Just like a few good dates with an attractive person of interest can lead to a bad relationship, a good series of interviews with a talented job candidate can lead to a bad hire. The common thread linking these relationship mishaps is our cultural obsession with assessment. eHarmony tests compatibility using its proprietary 29 DIMENSIONS; Chemistry.com uses a system called the Chemistry Profile; and in my field — hiring –companies apply tools like Wonderlic, the DISC, and the Rembrandt Portrait.

Despite these efforts, we all still end up on bad dates and all organizations still make bad hires.

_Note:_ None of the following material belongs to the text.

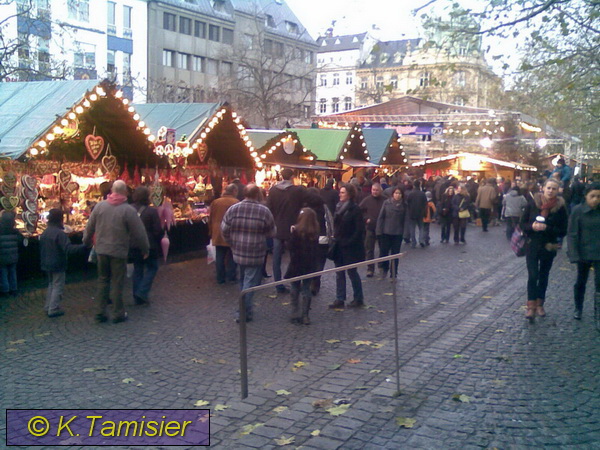 2008-11-30 16-17-24.jpg - Bonn   Weihnachtsmarkt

Why do our business leaders make poor hiring choices? Common culprits include:

  • Weak interviewing skills
  • Inaccurate hiring criteria
  • Poor cultural fit
  • Dishonest candidates
  • Hasty hiring decisions

All of these factors can cause hiring mistakes. However, highly skilled interviewers who avoid these missteps still blunder from time to time. The most attentive business leaders overlook crucial details, even when they’re supported by a rigorous candidate selection process. Professional recruiters will mismatch candidates, and they’ve conducted thousands of searches and interviews.

What’s the underlying issue in each of these situations?

It’s called hiring blindness.

Hiring blindness falls into a category of psychological phenomenon called inattentional blindness, which was first identified in the early 1990s by researchers Arien Mack and Irvin Rock. Also known as perceptual blindness, inattentional blindness occurs when an individual fails to recognize an unexpected stimulus that’s right in front of their eyes. This inability to spot critical stimuli is caused by gaps and limits in perception. It’s what allows magicians to manipulate attention to prevent an audience from seeing how a trick is performed. It’s also been identified as the reason drivers fail to notice motorcyclists they hit with their cars.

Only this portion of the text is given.